Data section:
=== Begin Enclosure ===
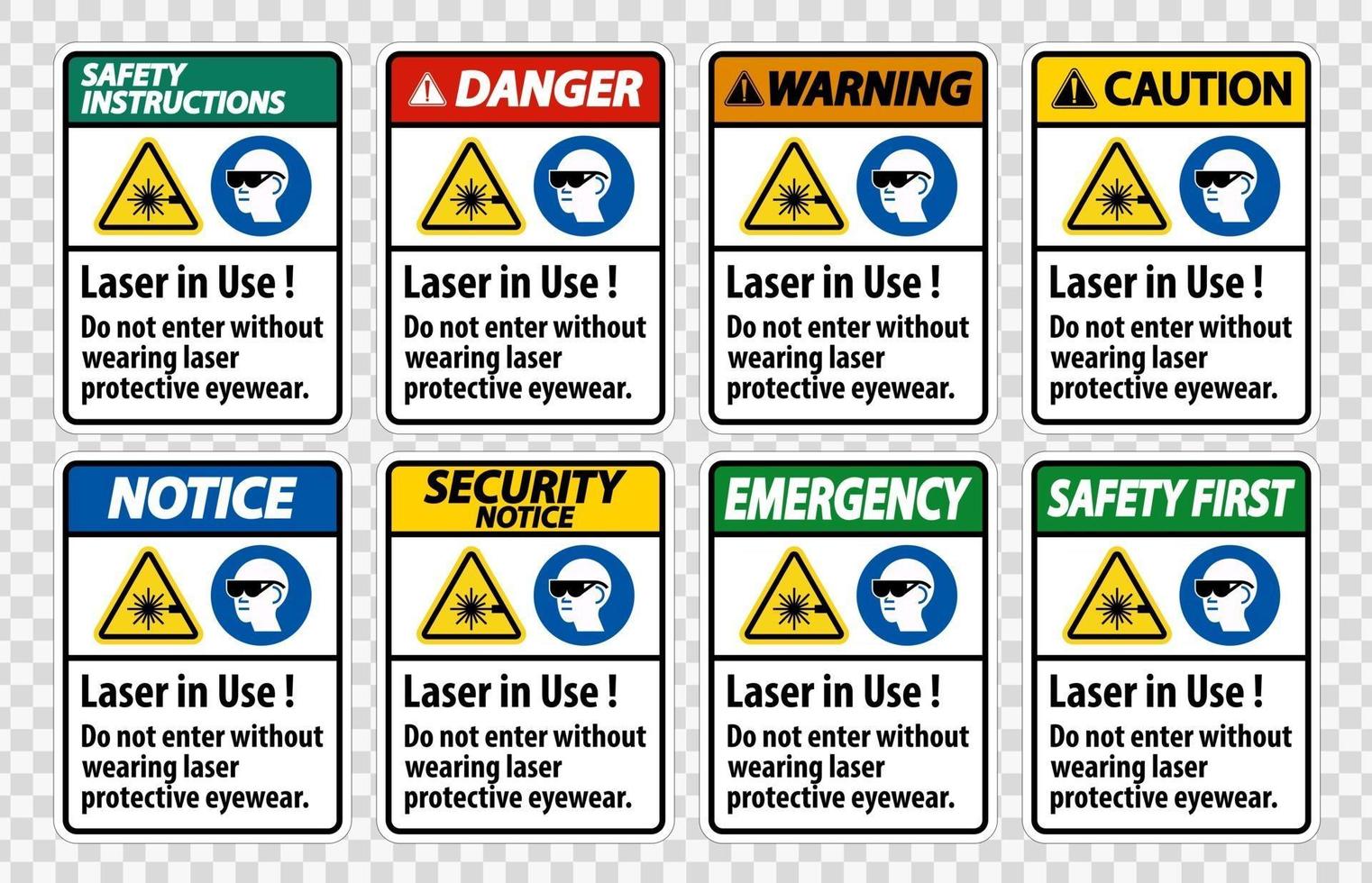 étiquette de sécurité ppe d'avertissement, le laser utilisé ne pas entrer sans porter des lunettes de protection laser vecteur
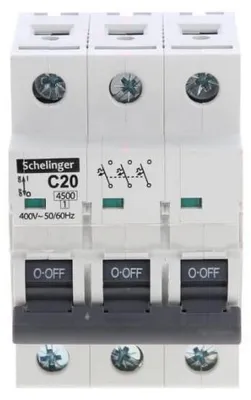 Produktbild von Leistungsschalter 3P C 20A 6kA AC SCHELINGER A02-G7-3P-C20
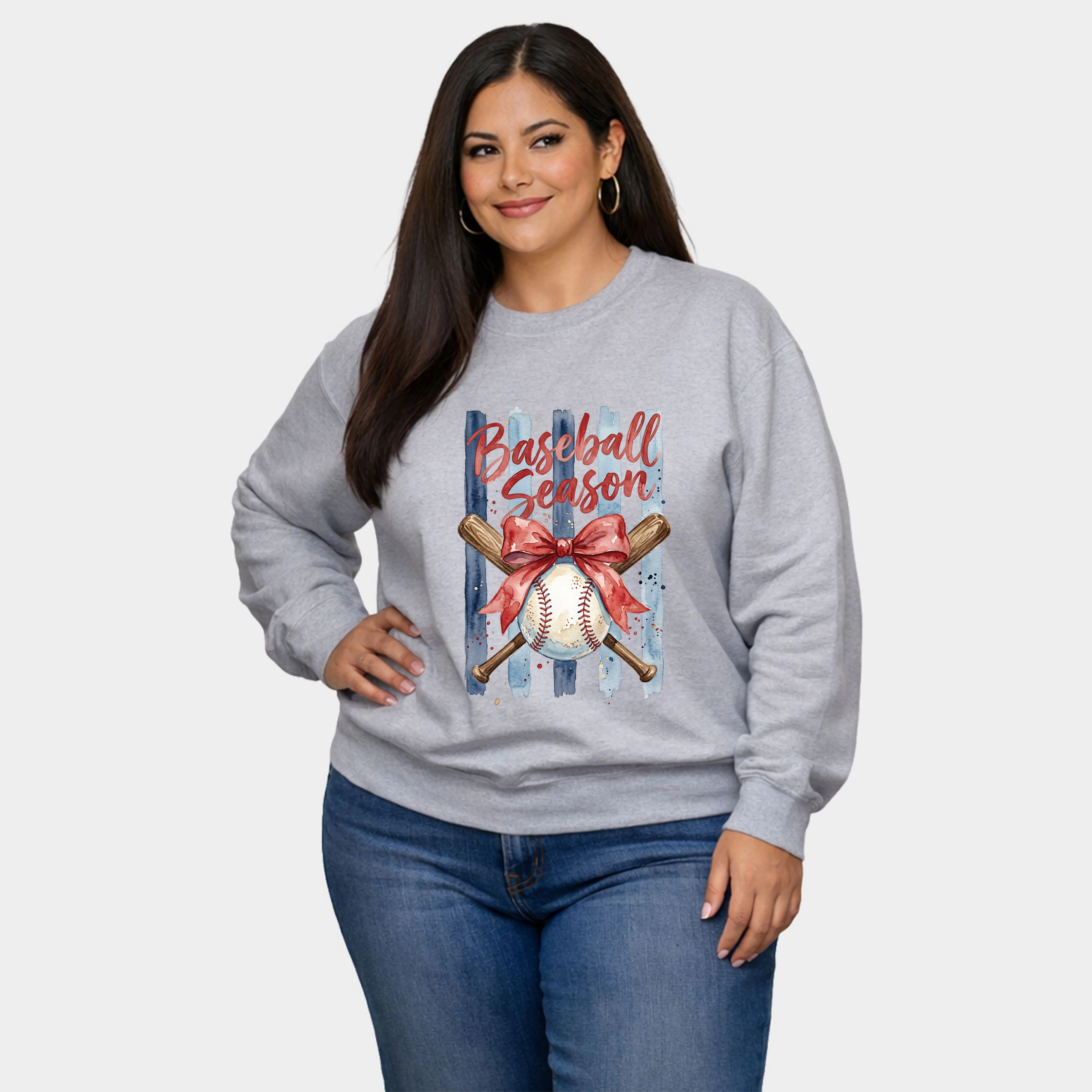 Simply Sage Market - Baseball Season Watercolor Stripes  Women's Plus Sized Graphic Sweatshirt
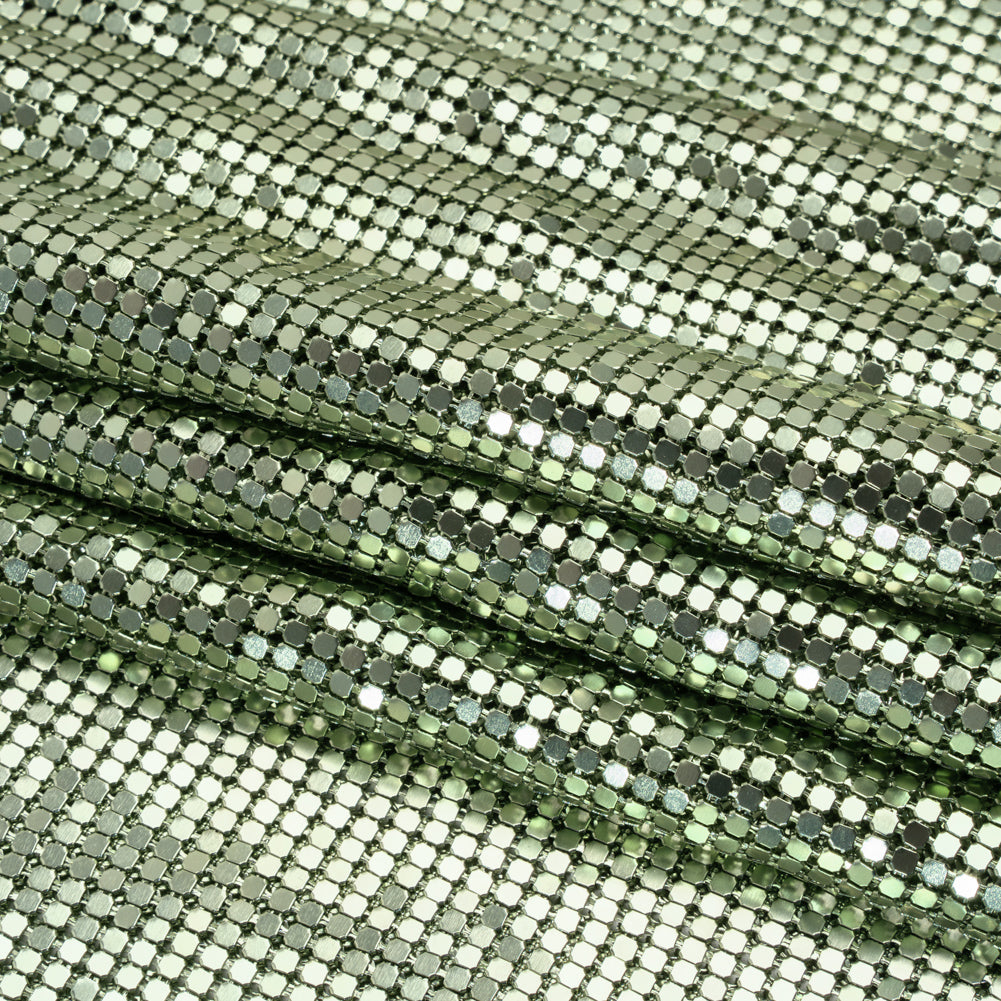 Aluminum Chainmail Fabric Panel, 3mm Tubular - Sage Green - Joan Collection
=== End Enclosure ===
Required action: Without including any picture, set down the listing above exactly as it appears.

Expected output:
 étiquette de sécurité ppe d'avertissement, le laser utilisé ne pas entrer sans porter des lunettes de protection laser vecteur
 Produktbild von Leistungsschalter 3P C 20A 6kA AC SCHELINGER A02-G7-3P-C20
 Simply Sage Market - Baseball Season Watercolor Stripes  Women's Plus Sized Graphic Sweatshirt
 Aluminum Chainmail Fabric Panel, 3mm Tubular - Sage Green - Joan Collection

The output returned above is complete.